[EXERCISE DATA Boundary: Start]

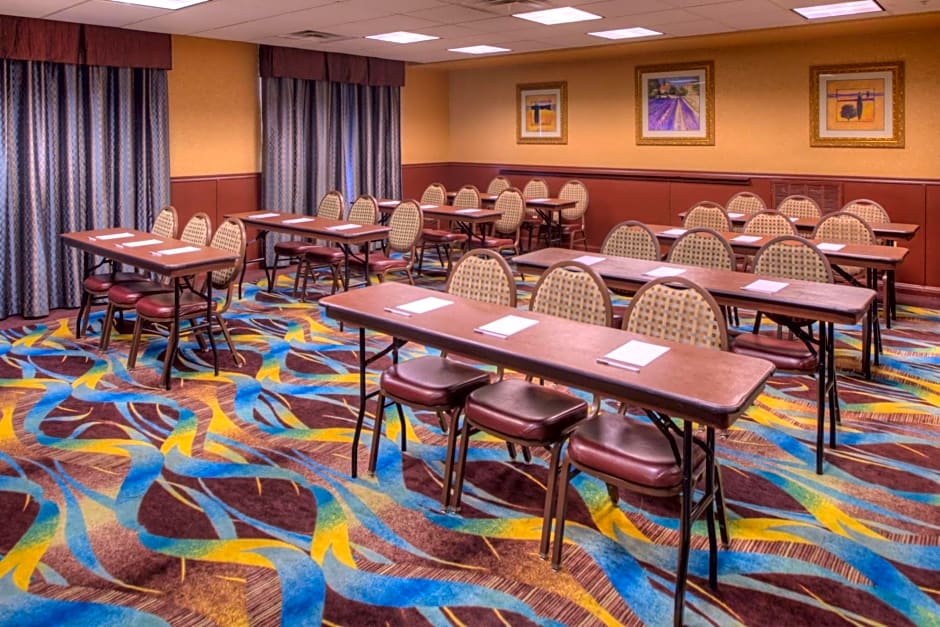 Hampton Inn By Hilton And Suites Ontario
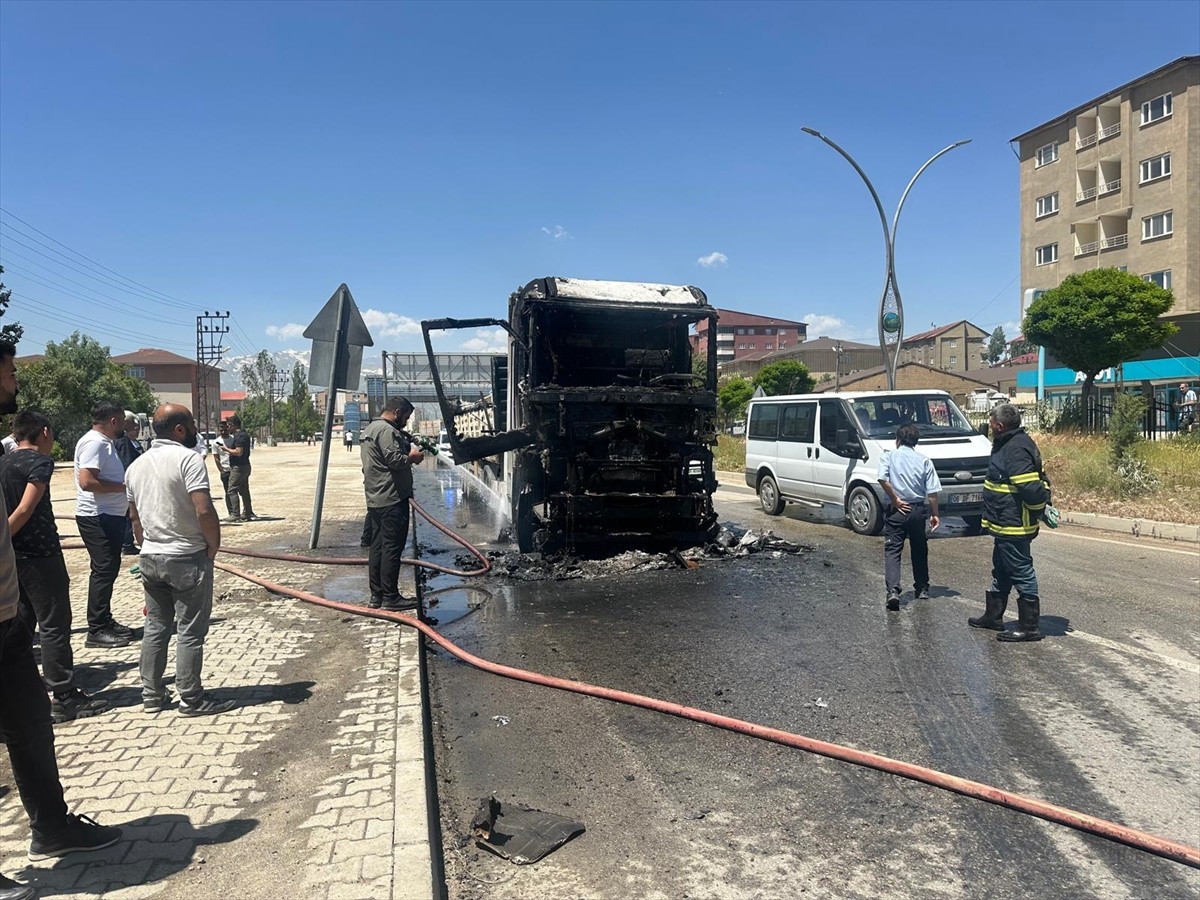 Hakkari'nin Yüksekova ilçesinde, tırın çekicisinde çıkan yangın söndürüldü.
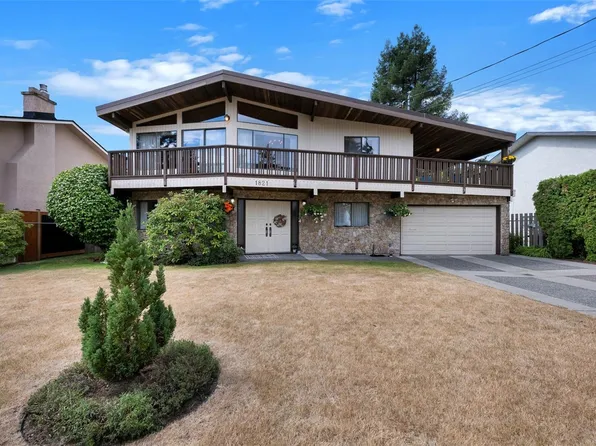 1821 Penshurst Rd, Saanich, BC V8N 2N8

[EXERCISE DATA Boundary: End]

The answer is the full listing above, repeated exactly, with its pictures removed.

 Hampton Inn By Hilton And Suites Ontario
 Hakkari'nin Yüksekova ilçesinde, tırın çekicisinde çıkan yangın söndürüldü.
 1821 Penshurst Rd, Saanich, BC V8N 2N8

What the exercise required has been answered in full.